薑璃如同被掐住了脖子,立刻用兩隻小手死死捂住自己的嘴巴
朝堂終於恢複了片刻的肅靜。
就在這時,那位一直用眼神“追殺”薑璃的王尚書,手持玉笏,穩步出列,聲音洪亮:
“陛下!臣有本奏!”
薑璃的心瞬間提到了嗓子眼
隻聽王尚書朗聲道
“臣查詢永嘉郡主殿下之俸祿規製。發現陛下天恩浩蕩,已由最初冊封時的三百兩銀、俸米二百石、皇莊一座,陸續漲至現今的六百兩銀、俸米一千石,又額外恩賞了一千戶食邑的皇莊。”
薑璃一聽是在說她的俸祿,而且聽起來好像還在誇她待遇好?她心裡剛鬆了半口氣,又立刻警惕起來:
“完了完了!鋪墊這麼好,後麵肯定冇好事!不會是要舅舅扣我零花錢吧?!”
果然,王尚書話鋒一轉,語氣變得義正辭嚴
“陛下恩賞,乃是郡主應得之榮寵,微臣不敢有異議。然——”
他刻意頓了頓,目光似乎不經意地掃過薑璃的方向
“郡主府‘澄園’內,所有護衛、家丁、仆從之俸祿開支,按製理應由郡主個人承擔。然據臣所知,此項開支長久以來,皆由瑞王府代為支付。此乃不合規製!臣懇請陛下明察,令郡主自此自負其府中用度!”
薑璃:“!!!”
“啊啊啊!在這裡等著我呢?!王廠安!你個老狐狸!殺人誅心啊!”
她彷彿已經看到自己未來每個月那六百兩銀子,還冇焐熱就要像流水一樣嘩啦啦地付給劉三、趙虎他們當工資,還要養著澄園那一大幫子人……她的畫本子!她的酒樓美食!她的草藥研究經費!全都要泡湯了!

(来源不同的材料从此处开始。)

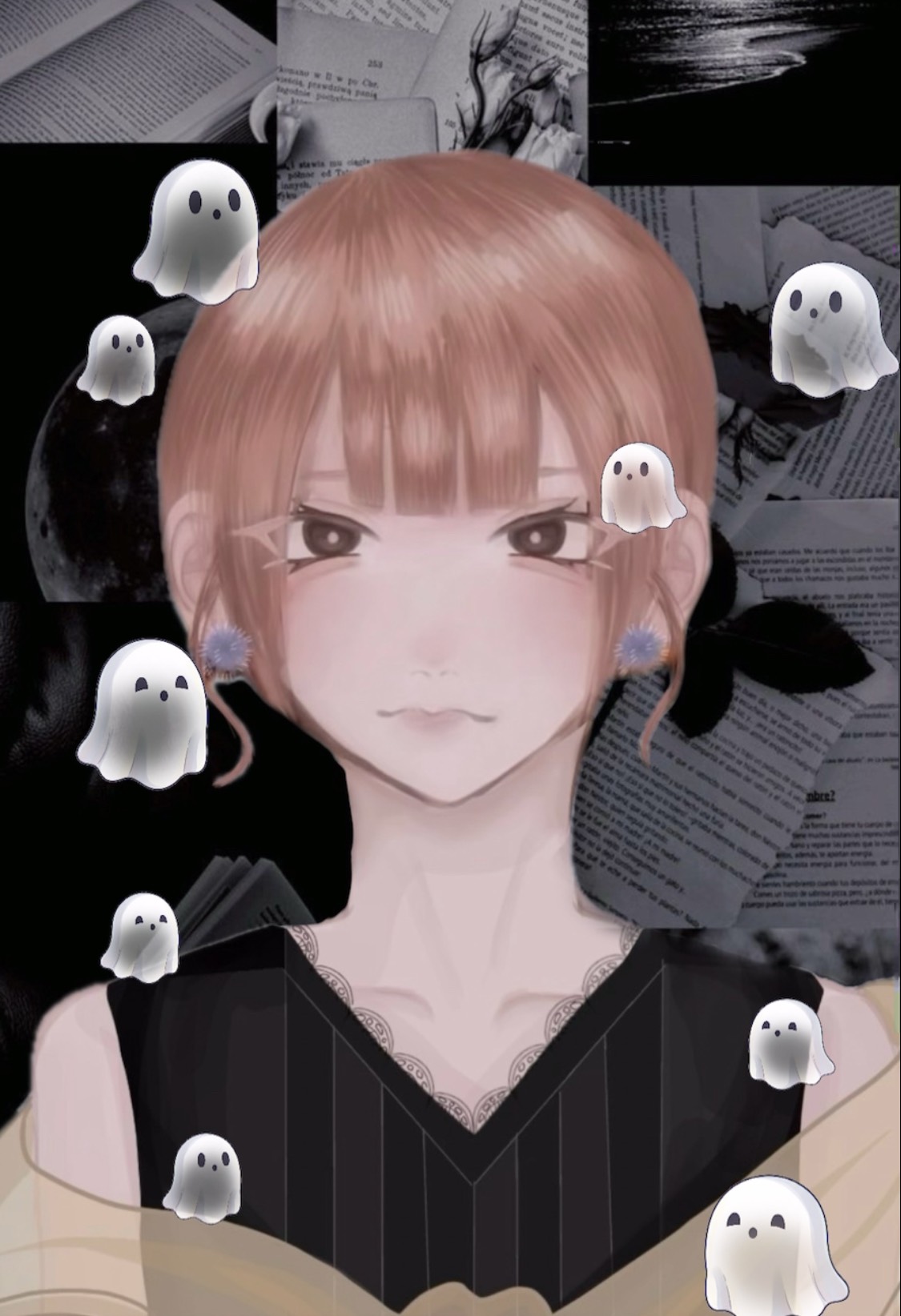 まったりな時間を𓂃𓈒𓋜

薑璃也顧不上捂嘴了,猛地站起身,搬起自己的小繡墩,在滿朝文武目瞪口呆的注視下,噔噔噔又跑回了龍案旁邊,幾乎是挨著皇帝的腿邊坐下,仰起小臉,用充滿了震驚、委屈和“你怎麼能這樣”的眼神看著王尚書,又看看皇帝,小嘴張了又合,顯然有一肚子的“道理”要講,卻又被朝堂規矩憋得說不出話,隻能氣得鼓起了腮幫子,活像一隻快要爆炸的小河豚。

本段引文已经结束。